PROBLEM STATEMENT
Pictures aside, the data must be reproduced exactly.

___

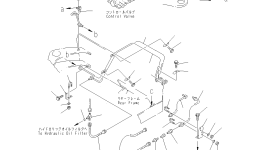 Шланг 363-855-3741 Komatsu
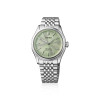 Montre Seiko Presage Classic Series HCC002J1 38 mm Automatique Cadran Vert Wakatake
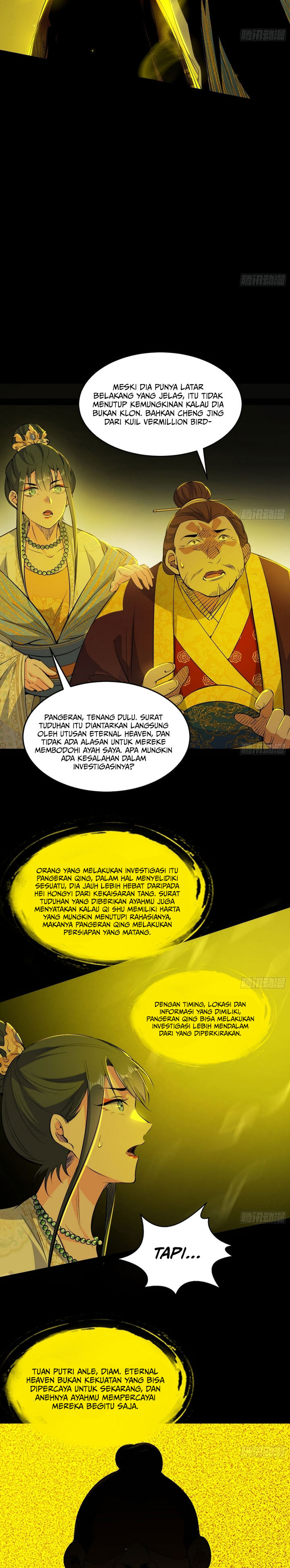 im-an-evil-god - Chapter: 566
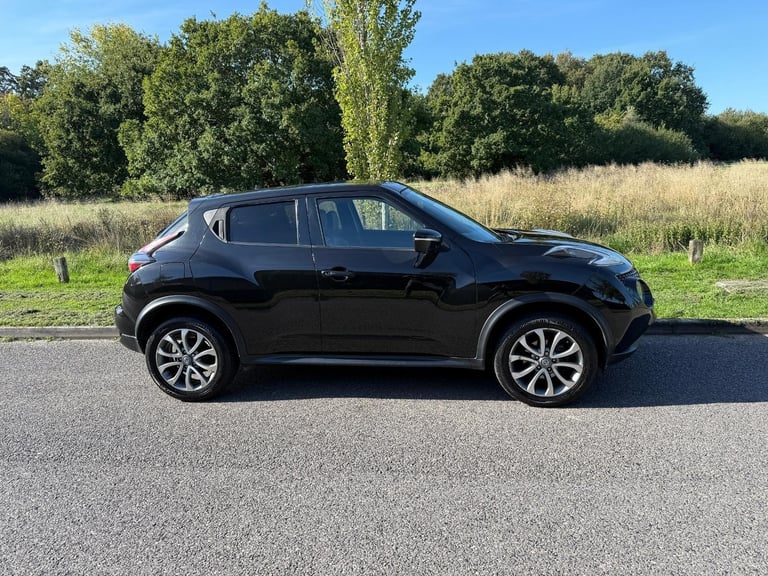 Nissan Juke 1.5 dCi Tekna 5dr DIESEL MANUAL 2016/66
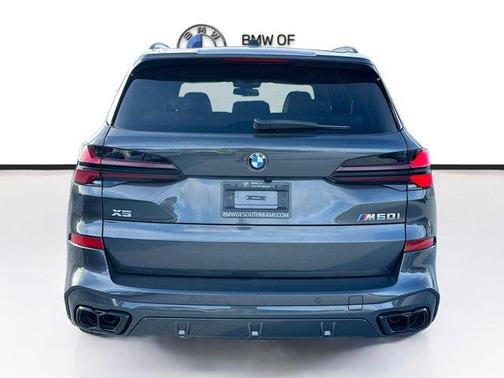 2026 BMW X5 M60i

___

ANSWER SPACE
 Шланг 363-855-3741 Komatsu
 Montre Seiko Presage Classic Series HCC002J1 38 mm Automatique Cadran Vert Wakatake
 im-an-evil-god - Chapter: 566
 Nissan Juke 1.5 dCi Tekna 5dr DIESEL MANUAL 2016/66
 2026 BMW X5 M60i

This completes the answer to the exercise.